Prompt: Line by line, retype the material exactly and leave each picture out.

Provided material:
- - - - -

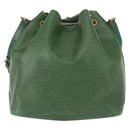 LOUIS VUITTON Epi Petit Noe Shoulder Bag Green M44104 LV Auth BA8589-2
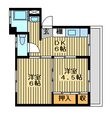 田中コーポの間取図
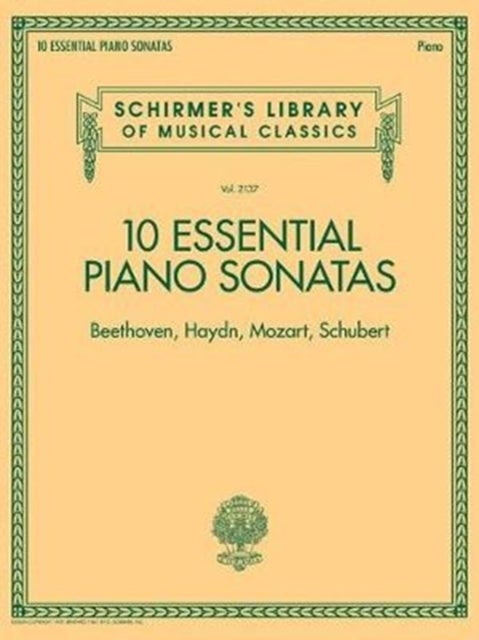 Bilde av 10 Essential Piano Sonatas Av Hal Leonard Publishing Corporation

- - - - -

Written answer:
 LOUIS VUITTON Epi Petit Noe Shoulder Bag Green M44104 LV Auth BA8589-2
 田中コーポの間取図
 Bilde av 10 Essential Piano Sonatas Av Hal Leonard Publishing Corporation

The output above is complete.